May 25, 2011

Delete Duplicate Records in Sql Server 2005

In this post, we will learn how to delete duplicate records in SQL Server using CTE.

In the earlier version of SQL Server, if you need to delete duplicate records you had to the following steps
  • Store the distinct of duplicate records in some temp tables
  • Delete the duplicate records from the main table
  • Move the temp table data to main table
But, from SQL Sever 2005 onward, it becomes easy and more efficient to delete duplicate records from the table using CTE and Row_Number.

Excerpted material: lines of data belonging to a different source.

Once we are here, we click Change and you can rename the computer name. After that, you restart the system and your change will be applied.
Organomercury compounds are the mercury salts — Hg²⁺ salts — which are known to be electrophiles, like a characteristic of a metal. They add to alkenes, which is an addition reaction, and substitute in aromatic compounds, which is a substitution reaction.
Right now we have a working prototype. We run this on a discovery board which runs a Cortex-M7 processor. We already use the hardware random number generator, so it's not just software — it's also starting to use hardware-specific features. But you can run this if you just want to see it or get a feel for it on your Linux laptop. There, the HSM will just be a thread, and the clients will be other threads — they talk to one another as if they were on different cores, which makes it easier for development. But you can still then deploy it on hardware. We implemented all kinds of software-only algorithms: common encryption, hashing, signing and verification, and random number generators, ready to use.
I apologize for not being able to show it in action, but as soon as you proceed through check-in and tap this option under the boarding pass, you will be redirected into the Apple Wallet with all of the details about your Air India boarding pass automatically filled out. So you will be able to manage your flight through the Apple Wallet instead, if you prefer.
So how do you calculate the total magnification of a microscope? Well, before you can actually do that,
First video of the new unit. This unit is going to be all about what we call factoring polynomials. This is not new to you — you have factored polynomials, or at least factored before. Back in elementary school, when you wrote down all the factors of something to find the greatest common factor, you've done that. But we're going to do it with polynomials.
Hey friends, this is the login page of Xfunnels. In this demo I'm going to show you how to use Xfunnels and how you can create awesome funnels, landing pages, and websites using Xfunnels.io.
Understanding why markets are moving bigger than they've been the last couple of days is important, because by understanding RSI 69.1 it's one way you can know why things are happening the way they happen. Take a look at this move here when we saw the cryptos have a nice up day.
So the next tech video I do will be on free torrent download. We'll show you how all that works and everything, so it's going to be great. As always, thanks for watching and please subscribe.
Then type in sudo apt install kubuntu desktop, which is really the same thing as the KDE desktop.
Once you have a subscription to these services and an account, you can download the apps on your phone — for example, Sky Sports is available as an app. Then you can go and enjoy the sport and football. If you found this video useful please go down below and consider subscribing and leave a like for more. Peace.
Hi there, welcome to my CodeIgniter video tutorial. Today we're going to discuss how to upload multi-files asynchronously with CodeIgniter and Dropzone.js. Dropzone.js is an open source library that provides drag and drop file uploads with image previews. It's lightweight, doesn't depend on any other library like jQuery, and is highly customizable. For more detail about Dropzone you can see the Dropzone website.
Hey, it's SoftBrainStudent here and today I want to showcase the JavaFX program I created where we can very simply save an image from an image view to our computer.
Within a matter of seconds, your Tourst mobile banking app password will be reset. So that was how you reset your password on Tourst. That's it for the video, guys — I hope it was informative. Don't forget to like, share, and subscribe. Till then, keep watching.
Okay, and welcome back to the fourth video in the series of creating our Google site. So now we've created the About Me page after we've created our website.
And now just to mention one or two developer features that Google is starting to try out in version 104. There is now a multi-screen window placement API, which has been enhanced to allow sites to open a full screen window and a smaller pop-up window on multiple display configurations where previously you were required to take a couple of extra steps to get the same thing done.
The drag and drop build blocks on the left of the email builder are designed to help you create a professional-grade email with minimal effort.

NOTE: CTE was introduced in SQL Server 2005, so the solution would work on SQL Server 2005 onward

Let's first create a table
CREATE TABLE tblduplicate(
    id       INT,
    VALUE    VARCHAR(10)
)

Now let's populate the table with duplicates records
insert into tblduplicate
select 1, 'value 1' union all
select 1, 'value 1' union all
select 1, 'value 2' union all
select 2, 'value 2' union all
select 2, 'value 2' union all
select 3, 'value 3'

Now let's check the data in the table
select * from tblduplicate
OUTPUT

Now lets write script to delete duplicates records from the table using CTE. In the solution first we would generate a sequential no. for duplicate records using Row_Number.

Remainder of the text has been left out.